Kristian G. Andersen, director of the translational genomics research institute for infectious diseases at Scripps Research, told CBS News that “none of (Redfield’s) comments on the laboratory theory are” backed by evidence. available “.
“It is clear that not only was he the most disastrous CDC director in U.S. history, where he completely failed in his sworn mission to keep the country safe, but, through his comments, he also shows a total lack of basic evolutionary virology, ”Andersen said. .
Andersen was the lead author of a study published in Nature Medicine last year that found the virus to be a product of natural evolution. In addition, by analyzing public genome sequence data, the scientists “found no evidence that the virus was produced in a laboratory or otherwise designed,” according to a Scripps press release. .
“By comparing available genome sequence data for known coronavirus strains, we can firmly determine that SARS-CoV-2 originated through natural processes,” Andersen said at the time.
W. Ian Lipkin, co-author of the study with Andersen and director of the Center for Infection and Immunity at Columbia’s Mailman School of Public Health, said there are still many things we don’t know about the virus, including exactly How much time. has been circulating, there is “no evidence” to suggest that it was created in a laboratory.
“Just because we haven’t seen it before doesn’t mean it was created in a lab,” he said.
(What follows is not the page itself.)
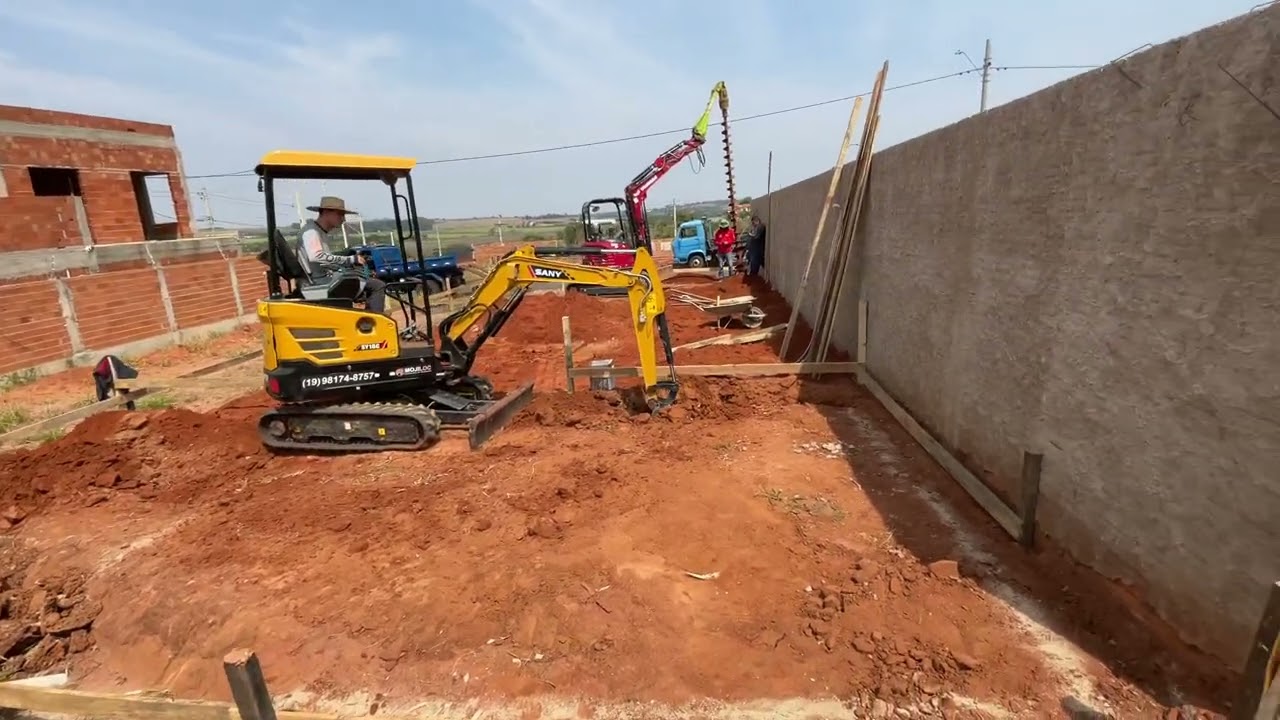Primeiras Impress&otilde;es Sany SY16 mini escavadeira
Lipkin noted the ability of coronavirus to replicate in other animals, such as shoots between minks, and the appearance of highly transmissible variants all over the world – “without any modification of a laboratory” – as proof of the contrary.
“The modifications that have been exploited by the virus are not what we would have predicted,” he said, adding, “even if we wanted to design this virus, we would not have known how to do it.”
Lipkin called Redfield’s comments “counterproductive,” especially considering the increase in discrimination and violence against Asian Americans during the pandemic. “We should be moving away from the fingers,” he said.
Andersen and colleagues concluded that the virus probably originated in one of two scenarios. The first is that “the virus evolved to its current pathogenic state through natural selection in a non-human host and then jumped to humans,” according to the press release. The second is that “a non-pathogenic version of the virus jumped from an animal host to humans and then evolved to its current pathogenic state within the human population.”
“We know that bats carry viruses very similar to SARS-CoV-2, so it is plausible that they came directly from bats. Like SARS, it is possible that it came from an intermediate host, which we have not identified,” he said. explain Andersen. “There’s absolutely nothing unusual in the fact that we haven’t found an intermediate host (even if there is one) and that someone who says otherwise just hasn’t read the literature.”
Current CDC director Dr. Rochelle Walensky said at Friday’s briefing that the White House team “expects” a WHO report that “examines the origins of this pandemic and SARS.” -CoV-2 in humans “. But China has not been present with information that may be key to a complete understanding.
Andersen noted that “we do not know the origins (reservoirs) of the majority viruses that infect humans, “including recent ones like Ebola,” and for those of us who have any idea, it can take decades. “
“We know that the first cluster of epidemiologically related cases came from the Huanan market and we know that the virus was found in environmental samples (including animal cages) from the market,” he said. “Any theory of ‘laboratory leaks’ should account for this scenario, which it simply cannot, without invoking a major conspiracy and covering it up by Chinese scientists and authorities.”
His scathing conclusion: “Redfield has no idea what he’s talking about, simple and straightforward. It’s no surprise given his disastrous tenure as CDC director.”